Prin Laohawirapap

Personal information
- Born: 10 August 2006 (age 20)

Chess career
- Country: Thailand
- Title: International Master (2023)
- Peak rating: 2423 (September 2025)

= Prin Laohawirapap =

Thai chess player (born 2006)

Prin Laohawirapap (ปริญญ์ เลาหวิรภาพ, /th/; born 10 August 2006) is a Thai chess player. He is the highest-rated Thai player and Thailand's only international master.

==Chess career==

Prin was coached by Deniel Causo and Avetik Grigoryan.

In October 2021, Prin played for the Thai team (Double Bishop Bangkok Chess Club) in the 2021 PCAP San Miguel Corporation-Ayala Land chess championships.

Prin was a joint winner of the U18 Eastern Asian Youth Chess Championship 2022. He became a FIDE master and obtained his first IM norm through the victory.

In June 2023, Prin defeated IM Dao Minh Nhat in the third round of the Open U20 section of the 21st ASEAN Chess Championship. He was able to co-lead until the sixth round, where he drew against Ngo Duc Tri.

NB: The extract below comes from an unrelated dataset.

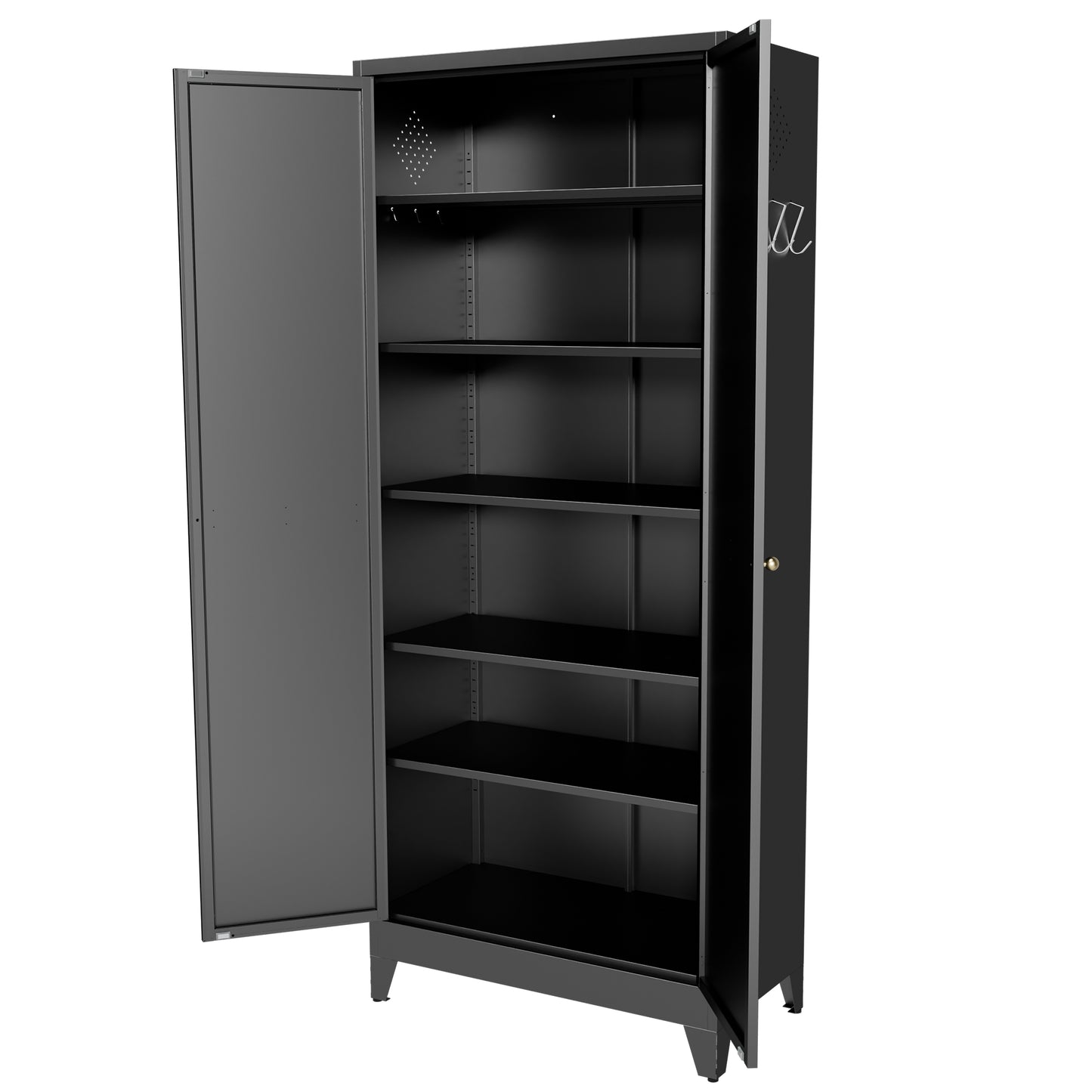 75" Black Metal Kitchen Pantry Cabinet Adjustable Storage with 5 Shelves (180lb Capacity), Freestanding Kitchen Storage Cabinet with Adjustable Shelves, Dishware in Kitchen, Pantry, Dining Room image 6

Prin played in the Chess World Cup 2023, where he was defeated by Rasmus Svane in the first round. He was awarded the title of International Master later in 2023.

On 16 September 2026, in the first round of the 46th Chess Olympiad, Prin defeated the Indian grandmaster Arjun Erigaisi.

==Personal life==
Prin was born on 10 August 2006. He studies engineering at Chulalongkorn University.